> [WHAT YOU WILL DO]:
Your response to the data below should hold nothing except the lines from the one containing "Jeep Cherokee Grand" down to the one containing "Ryanair gives in", reproduced exactly and without pictures.

> [INPUT RECORDS]:
◇ ◇ ◇ ◇ ◇
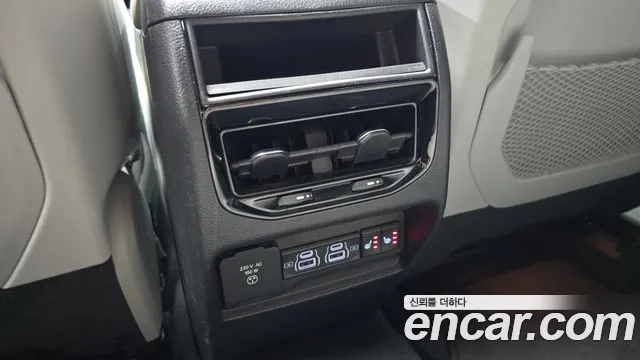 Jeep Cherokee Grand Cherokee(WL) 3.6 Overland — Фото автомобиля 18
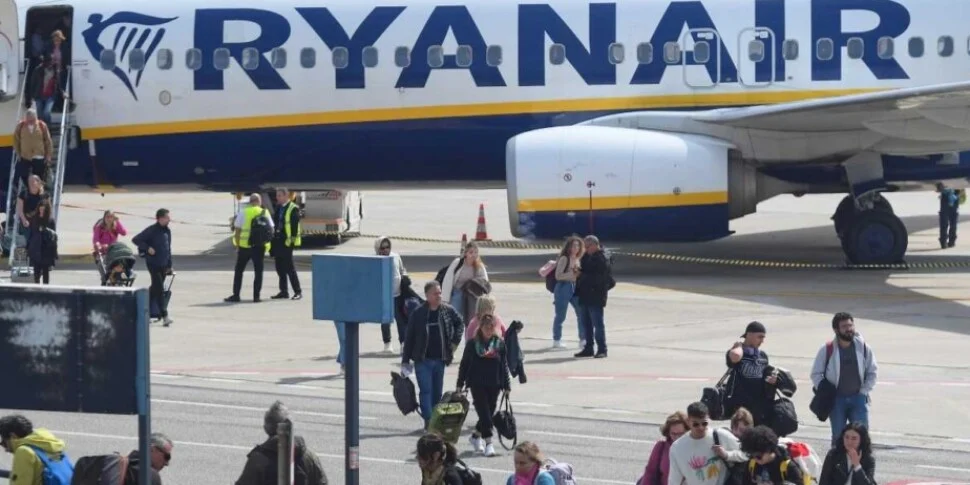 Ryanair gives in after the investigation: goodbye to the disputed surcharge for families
◇ ◇ ◇ ◇ ◇
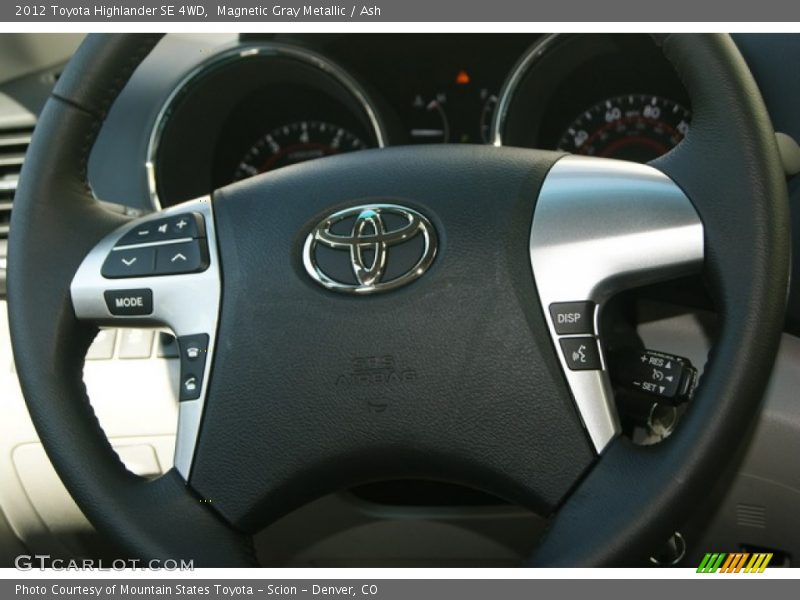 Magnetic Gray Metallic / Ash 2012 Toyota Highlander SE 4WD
◇ ◇ ◇ ◇ ◇
> [TASK SOLUTION]:
 Jeep Cherokee Grand Cherokee(WL) 3.6 Overland — Фото автомобиля 18
 Ryanair gives in after the investigation: goodbye to the disputed surcharge for families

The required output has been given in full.